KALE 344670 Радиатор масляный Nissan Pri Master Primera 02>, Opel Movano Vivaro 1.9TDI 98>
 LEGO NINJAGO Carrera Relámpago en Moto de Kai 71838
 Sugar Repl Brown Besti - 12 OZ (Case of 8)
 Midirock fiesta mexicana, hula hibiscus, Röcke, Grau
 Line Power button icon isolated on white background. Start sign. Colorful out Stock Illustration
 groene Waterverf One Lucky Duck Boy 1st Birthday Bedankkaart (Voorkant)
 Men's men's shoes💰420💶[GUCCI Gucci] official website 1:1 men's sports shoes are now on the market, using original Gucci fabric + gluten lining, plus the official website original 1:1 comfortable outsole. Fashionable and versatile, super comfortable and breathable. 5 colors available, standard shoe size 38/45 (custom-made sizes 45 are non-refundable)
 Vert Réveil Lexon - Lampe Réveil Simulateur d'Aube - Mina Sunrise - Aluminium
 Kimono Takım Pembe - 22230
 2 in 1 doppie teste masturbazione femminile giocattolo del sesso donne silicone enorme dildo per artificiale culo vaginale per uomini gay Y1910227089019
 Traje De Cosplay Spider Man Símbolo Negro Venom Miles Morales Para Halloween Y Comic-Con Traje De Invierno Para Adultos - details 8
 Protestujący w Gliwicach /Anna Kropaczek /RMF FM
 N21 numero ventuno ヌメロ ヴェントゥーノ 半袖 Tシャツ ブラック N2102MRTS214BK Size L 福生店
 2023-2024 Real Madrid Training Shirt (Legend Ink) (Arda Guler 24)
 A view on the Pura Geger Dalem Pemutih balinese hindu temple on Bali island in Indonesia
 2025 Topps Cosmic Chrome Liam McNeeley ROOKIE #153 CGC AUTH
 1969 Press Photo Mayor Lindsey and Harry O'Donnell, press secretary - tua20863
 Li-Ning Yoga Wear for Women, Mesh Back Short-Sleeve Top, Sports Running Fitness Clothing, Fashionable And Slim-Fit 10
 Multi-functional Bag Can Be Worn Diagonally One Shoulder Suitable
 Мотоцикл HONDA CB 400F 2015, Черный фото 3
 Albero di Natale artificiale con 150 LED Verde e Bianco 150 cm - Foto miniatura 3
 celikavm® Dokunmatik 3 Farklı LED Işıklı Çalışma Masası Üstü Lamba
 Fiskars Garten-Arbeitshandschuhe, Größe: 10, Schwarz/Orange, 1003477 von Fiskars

◆ ◆ ◆ ◆ ◆

Return every line from the one holding "N21 numero ventuno" through the end of the data, exactly as it appears, with both ends kept and nothing else.

 N21 numero ventuno ヌメロ ヴェントゥーノ 半袖 Tシャツ ブラック N2102MRTS214BK Size L 福生店
 2023-2024 Real Madrid Training Shirt (Legend Ink) (Arda Guler 24)
 A view on the Pura Geger Dalem Pemutih balinese hindu temple on Bali island in Indonesia
 2025 Topps Cosmic Chrome Liam McNeeley ROOKIE #153 CGC AUTH
 1969 Press Photo Mayor Lindsey and Harry O'Donnell, press secretary - tua20863
 Li-Ning Yoga Wear for Women, Mesh Back Short-Sleeve Top, Sports Running Fitness Clothing, Fashionable And Slim-Fit 10
 Multi-functional Bag Can Be Worn Diagonally One Shoulder Suitable
 Мотоцикл HONDA CB 400F 2015, Черный фото 3
 Albero di Natale artificiale con 150 LED Verde e Bianco 150 cm - Foto miniatura 3
 celikavm® Dokunmatik 3 Farklı LED Işıklı Çalışma Masası Üstü Lamba
 Fiskars Garten-Arbeitshandschuhe, Größe: 10, Schwarz/Orange, 1003477 von Fiskars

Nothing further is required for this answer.